> _Task statement_
In this exercise, copy exactly the lines from the one that contains "The Indian Garage" through the end of the entries below; pictures are not copied.

+--

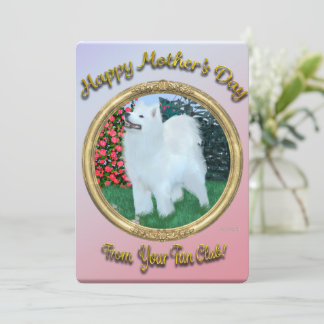 Samoyed Thema Moederdag Plat Kaart Personaliseerba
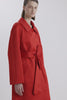 Hasina Coat In Bright Red Doppio Satin | Emilia Wickstead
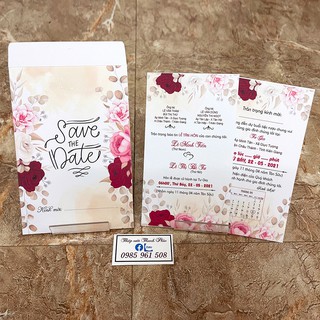 THIỆP CƯỚI MS2 PHONG BÌ HOA (gồm công in nội dung với ảnh hoàn thiện)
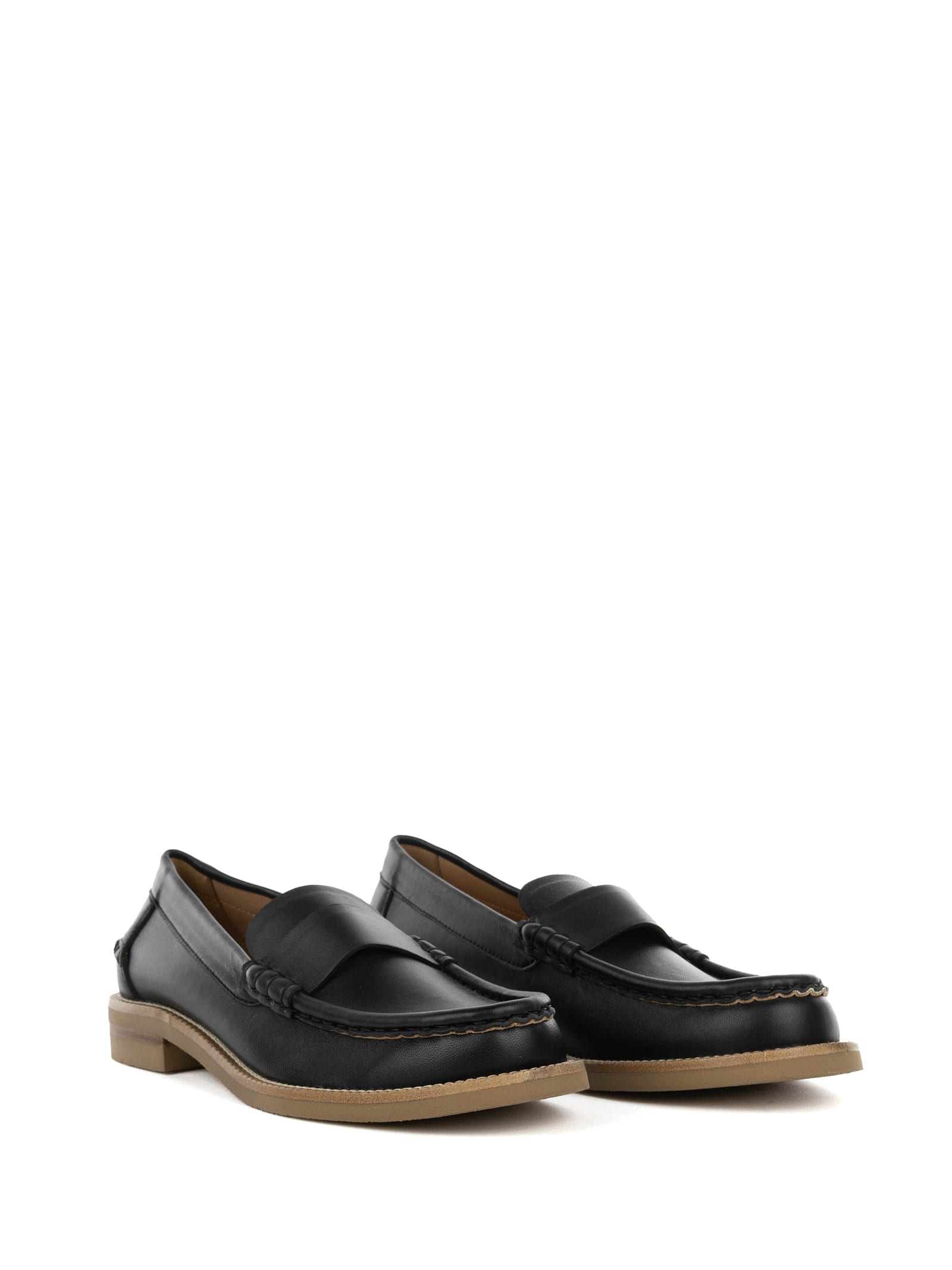 PEDRO GARCIA BLACK LEATHER MOCCASIN WITH CONTRASTING SOLE 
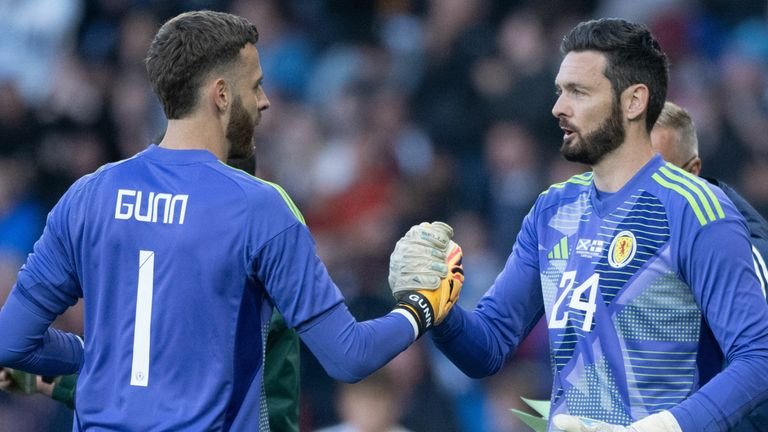 Angus Gunn (L) is currently Scotland No. 1 but now faces competition from Craig Gordon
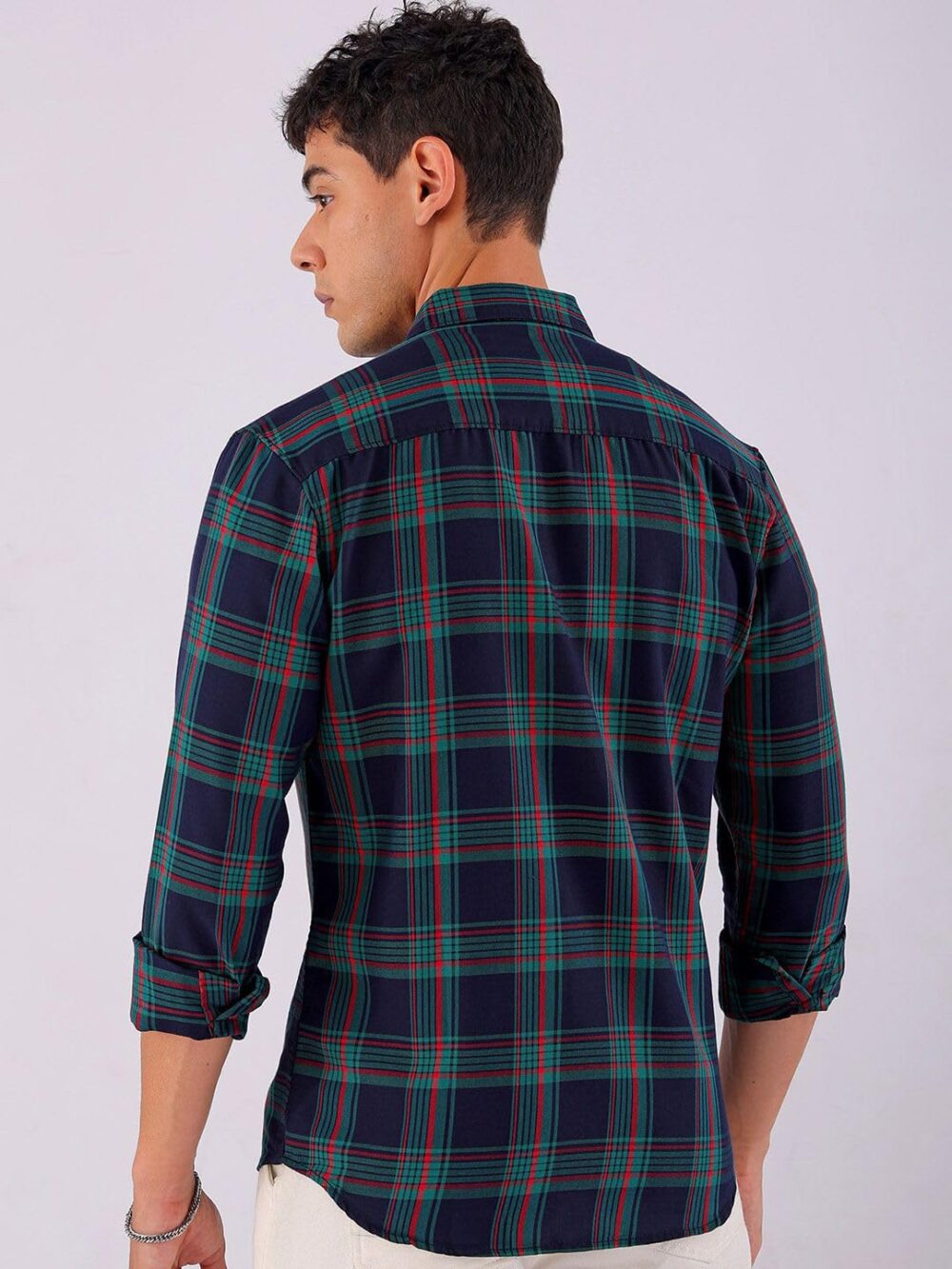 The Indian Garage Co Men Slim Fit Checked Casual Shirt (Green_L) - Image 4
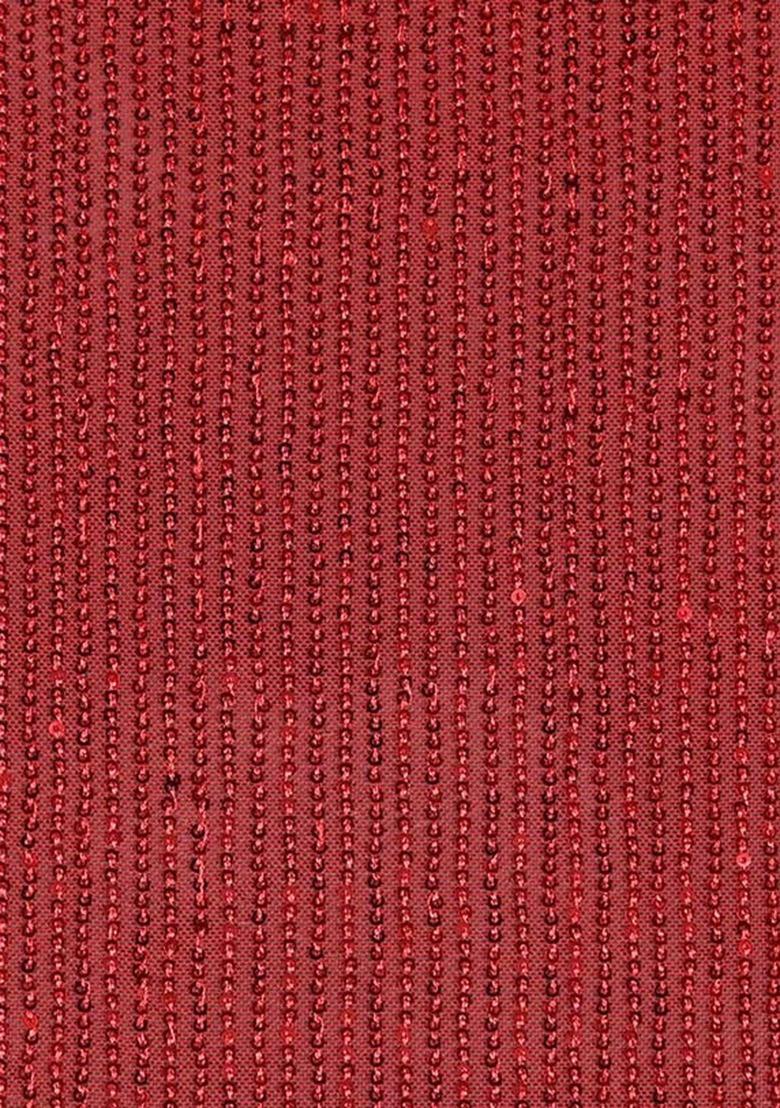 Red Net Sequin Fusion Set For Girls - Indya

+--

> _Answer area_
 The Indian Garage Co Men Slim Fit Checked Casual Shirt (Green_L) - Image 4
 Red Net Sequin Fusion Set For Girls - Indya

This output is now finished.